Provi’s theory rest on the Defendant’s exercising power over retailers and weaponizing their exclusive distribution agreement of must have brands, in order to coerce retailers to boycott Provi.

The Defendants claimed that Provi could not prove whether there was a meeting of the minds between Defendants and retailers.

The Court concluded that Provi adequately alleged a vertical conspiracy by concluding that Provi’s allegations were plausible enough that Defendants sought retailers acquiescence to their demand to stop using Provi and the retailers followed suit, because they could be worried about losing access to must have brands.

Sherman Act § 1 Claim – Tying Claim against Southern

The Court looked into whether there was a plausible tying claim against Southern under § 1 of the Sherman Act.

“A plaintiff must establish three elements for a per se illegal tying agreement: (1) the tying arrangement is between two distinct products or services, (2) the defendant has sufficient economic power in the tying market to appreciably restrain free competition in the market for the tied product, and (3) a not insubstantial amount of interstate commerce is affected.”[10]

The Court decided that at the outset Provi adequately alleged that the tying arrangement between two distinct products or services.

Southern challenged the tying claim stating that Provi failed to allege it had an economic interest in the sale of tied product because it did not charge retailers to use Proof. However, the Court bought Provi’s argument that Southern puts conditions on a retailer’s access to distribution services and that only retailers that used Southern’s Proof platform maintained access to these services.

Provi made a “negative tie” argument which stands for the proposition that a customer promises not to take tied product from a competitor. Although negative tie theories are uncommon, they are still illegal under § 1 of the Sherman Act.
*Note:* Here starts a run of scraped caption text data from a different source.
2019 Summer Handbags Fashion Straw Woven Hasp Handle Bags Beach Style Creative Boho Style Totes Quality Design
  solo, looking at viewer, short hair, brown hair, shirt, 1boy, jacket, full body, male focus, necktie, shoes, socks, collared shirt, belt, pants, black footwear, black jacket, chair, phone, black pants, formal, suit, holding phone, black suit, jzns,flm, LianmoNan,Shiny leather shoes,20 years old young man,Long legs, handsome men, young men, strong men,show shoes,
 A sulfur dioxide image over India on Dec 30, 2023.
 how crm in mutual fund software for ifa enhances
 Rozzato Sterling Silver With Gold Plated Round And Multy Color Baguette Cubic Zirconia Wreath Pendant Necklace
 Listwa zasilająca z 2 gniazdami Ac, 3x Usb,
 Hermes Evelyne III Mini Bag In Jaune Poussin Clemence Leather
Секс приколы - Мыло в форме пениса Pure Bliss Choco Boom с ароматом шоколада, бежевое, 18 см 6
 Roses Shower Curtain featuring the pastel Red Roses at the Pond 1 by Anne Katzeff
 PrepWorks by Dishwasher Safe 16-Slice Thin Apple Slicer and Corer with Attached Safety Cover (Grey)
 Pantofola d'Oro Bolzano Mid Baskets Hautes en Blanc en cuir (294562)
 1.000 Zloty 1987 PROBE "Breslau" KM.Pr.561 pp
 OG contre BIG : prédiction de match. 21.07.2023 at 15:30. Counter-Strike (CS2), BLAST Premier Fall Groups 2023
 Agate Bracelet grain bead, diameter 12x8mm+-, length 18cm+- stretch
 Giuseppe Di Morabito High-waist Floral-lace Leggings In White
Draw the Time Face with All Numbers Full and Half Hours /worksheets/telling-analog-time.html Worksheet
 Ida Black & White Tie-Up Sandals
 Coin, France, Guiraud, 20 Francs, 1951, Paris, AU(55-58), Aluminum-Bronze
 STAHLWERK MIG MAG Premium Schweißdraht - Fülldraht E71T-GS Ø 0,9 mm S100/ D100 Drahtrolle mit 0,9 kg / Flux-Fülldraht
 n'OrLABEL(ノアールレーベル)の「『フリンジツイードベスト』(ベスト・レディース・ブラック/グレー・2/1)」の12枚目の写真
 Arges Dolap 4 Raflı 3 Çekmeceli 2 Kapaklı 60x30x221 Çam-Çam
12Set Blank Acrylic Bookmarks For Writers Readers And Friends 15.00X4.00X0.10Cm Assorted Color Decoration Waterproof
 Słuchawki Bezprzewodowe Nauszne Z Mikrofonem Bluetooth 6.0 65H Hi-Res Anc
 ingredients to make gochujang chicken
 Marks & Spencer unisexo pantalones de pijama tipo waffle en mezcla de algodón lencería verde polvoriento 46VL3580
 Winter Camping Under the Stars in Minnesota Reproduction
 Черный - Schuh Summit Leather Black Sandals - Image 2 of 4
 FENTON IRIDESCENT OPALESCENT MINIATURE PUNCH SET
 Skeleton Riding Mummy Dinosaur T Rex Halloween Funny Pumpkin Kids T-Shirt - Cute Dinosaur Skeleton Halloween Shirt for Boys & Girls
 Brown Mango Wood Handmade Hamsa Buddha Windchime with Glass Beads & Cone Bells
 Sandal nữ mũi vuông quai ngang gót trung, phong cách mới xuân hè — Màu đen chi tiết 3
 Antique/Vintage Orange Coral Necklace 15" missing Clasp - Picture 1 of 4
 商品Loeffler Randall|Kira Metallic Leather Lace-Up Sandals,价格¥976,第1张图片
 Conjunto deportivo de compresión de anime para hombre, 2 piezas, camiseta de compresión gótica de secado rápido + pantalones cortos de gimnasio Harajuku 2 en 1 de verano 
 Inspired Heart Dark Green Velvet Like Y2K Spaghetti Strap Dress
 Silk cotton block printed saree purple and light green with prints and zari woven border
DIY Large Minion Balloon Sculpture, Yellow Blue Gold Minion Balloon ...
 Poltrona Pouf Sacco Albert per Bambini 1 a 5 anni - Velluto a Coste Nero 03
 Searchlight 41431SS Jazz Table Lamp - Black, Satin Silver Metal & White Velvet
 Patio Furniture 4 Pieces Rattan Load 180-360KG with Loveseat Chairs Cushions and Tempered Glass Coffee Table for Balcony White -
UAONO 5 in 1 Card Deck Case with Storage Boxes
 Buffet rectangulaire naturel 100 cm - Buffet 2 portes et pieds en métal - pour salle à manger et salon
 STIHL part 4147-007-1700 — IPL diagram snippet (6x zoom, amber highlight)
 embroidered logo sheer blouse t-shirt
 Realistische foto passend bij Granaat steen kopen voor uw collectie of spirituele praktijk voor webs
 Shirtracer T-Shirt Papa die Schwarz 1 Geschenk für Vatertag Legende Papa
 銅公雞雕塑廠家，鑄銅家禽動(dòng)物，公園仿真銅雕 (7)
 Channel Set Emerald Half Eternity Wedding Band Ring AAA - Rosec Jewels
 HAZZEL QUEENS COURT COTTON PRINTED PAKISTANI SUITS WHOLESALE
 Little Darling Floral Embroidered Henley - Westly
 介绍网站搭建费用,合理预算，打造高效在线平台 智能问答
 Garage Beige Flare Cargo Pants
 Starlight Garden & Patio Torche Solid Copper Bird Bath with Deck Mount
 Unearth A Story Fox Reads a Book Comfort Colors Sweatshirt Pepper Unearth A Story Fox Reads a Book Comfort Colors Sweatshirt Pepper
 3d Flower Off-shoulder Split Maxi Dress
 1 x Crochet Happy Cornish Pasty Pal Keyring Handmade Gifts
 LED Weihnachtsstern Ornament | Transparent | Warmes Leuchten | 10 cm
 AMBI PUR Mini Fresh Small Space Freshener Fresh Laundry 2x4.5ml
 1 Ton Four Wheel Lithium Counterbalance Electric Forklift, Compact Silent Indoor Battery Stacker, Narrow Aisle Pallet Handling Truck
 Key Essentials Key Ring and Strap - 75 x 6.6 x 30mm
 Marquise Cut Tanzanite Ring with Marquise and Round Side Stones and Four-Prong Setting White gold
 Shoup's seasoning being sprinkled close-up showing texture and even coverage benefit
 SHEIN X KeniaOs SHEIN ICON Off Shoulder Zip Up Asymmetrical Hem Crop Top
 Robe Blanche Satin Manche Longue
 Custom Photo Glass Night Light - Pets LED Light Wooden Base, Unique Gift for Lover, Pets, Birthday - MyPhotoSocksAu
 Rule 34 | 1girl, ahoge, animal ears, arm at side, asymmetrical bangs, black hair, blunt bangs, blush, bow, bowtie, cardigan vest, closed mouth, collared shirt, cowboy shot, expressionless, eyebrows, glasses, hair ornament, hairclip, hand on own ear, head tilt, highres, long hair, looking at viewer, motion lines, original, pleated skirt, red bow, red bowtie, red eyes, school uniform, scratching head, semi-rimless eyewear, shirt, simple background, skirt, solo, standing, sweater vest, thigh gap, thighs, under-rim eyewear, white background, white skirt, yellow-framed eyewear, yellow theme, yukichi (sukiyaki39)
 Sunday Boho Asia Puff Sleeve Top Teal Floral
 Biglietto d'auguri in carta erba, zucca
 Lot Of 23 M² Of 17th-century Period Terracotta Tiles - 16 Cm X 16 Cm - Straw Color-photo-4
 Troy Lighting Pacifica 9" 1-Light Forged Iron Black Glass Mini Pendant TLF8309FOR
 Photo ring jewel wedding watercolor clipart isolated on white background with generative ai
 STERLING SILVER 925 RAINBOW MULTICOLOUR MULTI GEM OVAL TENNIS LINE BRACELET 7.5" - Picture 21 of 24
The next element the Court analyzed was whether there was sufficient power in the tying market. The Court opined that Provi adequately demonstrated that Southern has sufficient market power in the tying market to force retailers’ course of dealings based on Southern’s over 50% share of wine and spirits in certain marketplaces.

Foreclosure of a Substantial Volume of Commerce

Southern claimed that Provi did not properly allege that there was a substantial volume of commerce foreclosed based on the tying arrangement. Southern relied on evidence that twelve of the fourteen largest distributors integrated with the platform.

The Court disagreed, Provi claimed the quantity of commerce in the Online Alcohol Marketplaces is at least $1 billion annually.[11]

Antitrust Injury and Standing

Defendants took the position that Provi failed to allege a factual record which demonstrates anticompetitive impact, such as a reduction in output or an increase in price, which are required for establishing antitrust injury. They argued that the loss in profit was not from Defendants blocking Provi but is based on retailers making their own decisions where to purchase orders from and for suppliers where to advertise.


The Court disagreed, in numerous instances the Seventh Circuit held that excluding a competitor from a market constitutes antitrust injury.

Finally, the Court looked at standing. “This inquiry centers on proximate causation and asks about “the existence of other parties that have been more directly harmed” by the alleged anticompetitive conduct.”[12]

Defendant argued Provi was the wrong plaintiff and instead the plaintiffs should be retailers, distributors, and advertisers.

The Court disagree stating that customers and competitors in an effected market maintain standing. The Court indicated that Provi adequately alleged injury resulting from Defendants’ actions and Provi adequately alleged three markets where it competes with Defendants.